Syaiful yang tahu ponselnya diambil Am, memintanya kembali. "Saya ajak bertemu di Jalan Bandung di Cinere, Jumat (17/2) pagi." Kala itu, Am tak sendirian. Ia mengajak dua temannya yang berbagi uang ponsel. "Saya mau menyelesaikan masalah baik-baik, tapi syaiful enggak mau. Dia tetap minta ponselnya dikembalikan. Saya jadi emosi, makanya saya tusuk dia dengan pisau," ujar Am yang sengaja membawa pisau dari rumah kontrakan kakak lelakinya di Cinere. Sejak hampir setahun terakhir, siswa kelas 6 SD ini memang menumpang tinggal di sana.
Seusai menusuk Syaiful, Am dan kedua temannya kabur ke Mal Cinere dengan angkutan kota. "Saya enggak tahu bagaimana kondisi Syaiful setelah itu karena saya ketakutan ditangkap polisi," kisah Am menuturkan perasaannya selama berada di mal.
Pesan Ayah
Beberapa jam kelayapan di mal, anak berperawakan kurus ini pulang ke rumah kontrakan kakaknya. Ternyata polisi sudah menantinya. Pisau yang digunakannya untuk menusuk Syaiful, akhirnya juga ditemukan polisi. "Pisaunya jatuh ke selokan saat mau dimasukkan tas."

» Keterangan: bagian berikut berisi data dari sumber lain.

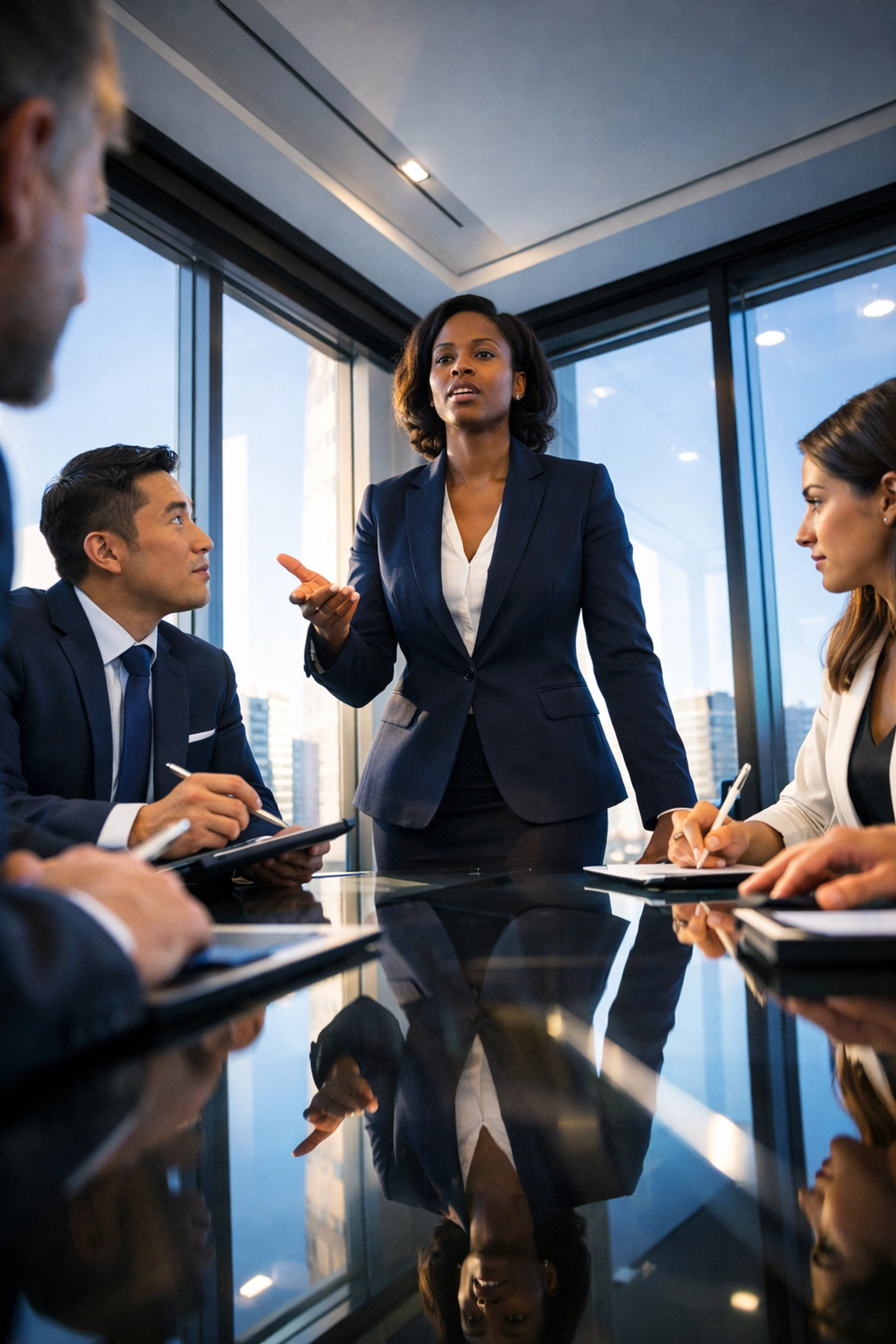 Black woman executive leading diverse team meeting with clear communication and authority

Sejak itulah Am ditahan. Ia tampak murung ketika bertutur, kakaknya yang selama ini ditumpanginya belum menengoknya sekali pun sejak ia ditahan. Sementara kakak lainnya yang tinggal di Bandung dan ibunya bermukim di Lampung, sudah menengoknya, meski hanya satu kali. "Ibu datang bawa duku kesukaan saya dan pakaian. Pesan Ibu, saya harus sabar menjalani semua ini," ujarnya muram.
Ditanya soal hobinya, Am jadi teringat ayahnya yang meninggal setahun silam karena sakit. Katanya, ia dan sang ayah dulu sering main badminton bersama. "Di rumah ada raket, punya Bapak," ujar Am sambil menambahkan, semasa hidupnya sang ayah bekerja sebagai penjahit. Anak berkulit gelap ini menuturkan, ia dekat dan sayang ayahnya karena sang ayah rajin beribadah.

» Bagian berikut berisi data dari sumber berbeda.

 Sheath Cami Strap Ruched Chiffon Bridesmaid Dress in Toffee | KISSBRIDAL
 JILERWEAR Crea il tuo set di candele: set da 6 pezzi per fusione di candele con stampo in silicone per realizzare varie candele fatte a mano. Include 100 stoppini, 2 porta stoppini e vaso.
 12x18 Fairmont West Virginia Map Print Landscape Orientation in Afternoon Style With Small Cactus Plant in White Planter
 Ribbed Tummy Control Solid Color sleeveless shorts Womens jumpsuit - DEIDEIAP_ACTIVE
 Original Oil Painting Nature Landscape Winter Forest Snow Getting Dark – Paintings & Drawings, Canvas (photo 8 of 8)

Wajah Am langsung mendung saat ditanya pesan terakhir sang ayah. "Saya disuruh menyenangkan hati Ibu," ujarnya lirih sambil terisak. Sebetulnya, tambahnya, ia berencana tinggal bersama ibunya di Lampung untuk meneruskan sekolah setelah lulus SD nanti. Namun nasib berkata lain, ia harus mempertanggungjawabkan terlebih dahulu perbuatannya kepada Syaiful.
Selama paling tidak sebulan ini Am memang harus puas meratapi nasib di ruang tahanan Polsekta Beji. Hukuman pun sudah terbayang di depan mata. Am dijerat pasal tentang Perlindungan Anak dengan ancaman 12 tahun penjara. beruntung ia tak sendirian, karena konon sudah ada lima pengacara yang menyatakan bersedia mendampinginya. Polisi juga telah menyediakan psikolog anak dari UI.
Pendampingan itu, kata Wakil Ketua Komisi Perlindungan Anak Indonesia, Dr. Asrorun Ni'am Sholeh, MA, bukan untuk membenarkan perilaku Am. "Kami ingin memastikan proses hukum ditangani dengan senantiasa memerhatikan anak-anak. Apalagi dia sedang persiapan Ujian Nasional (UN), maka haknya untuk mengenyam pendidikan dan menjalani ujian harus dipikirkan tanpa melukai rasa keadilan bagi korban dan masyarakat."